Germany: the Bundestag adopts a key healthcare system reform
On 12 November, the Bundestag voted in favour of a healthcare system reform. The law, which will come into force on 1 January 2011, will impose higher treatment costs on citizens. This is aimed at reducing deficits in the healthcare funds in the longer term. This law is one of the key elements of the welfare state reform which is necessary to carry out due to an ageing German society.
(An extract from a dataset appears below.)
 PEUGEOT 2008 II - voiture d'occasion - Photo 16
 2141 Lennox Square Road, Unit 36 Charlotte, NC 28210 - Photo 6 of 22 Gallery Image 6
The Bundestag’s decision is a success for Angela Merkel’s government, which mentioned healthcare system reform as one of its priority tasks.
The reform developed by the health minister, Philipp Rössler (FDP), provides for increasing the medical insurance premium and freezing the part of the premium paid by employers. It also allows healthcare funds to collect an additional fixed charge from patients, independent of their incomes, if the money received from regular premiums is not enough to cover the costs of the work being done by the funds.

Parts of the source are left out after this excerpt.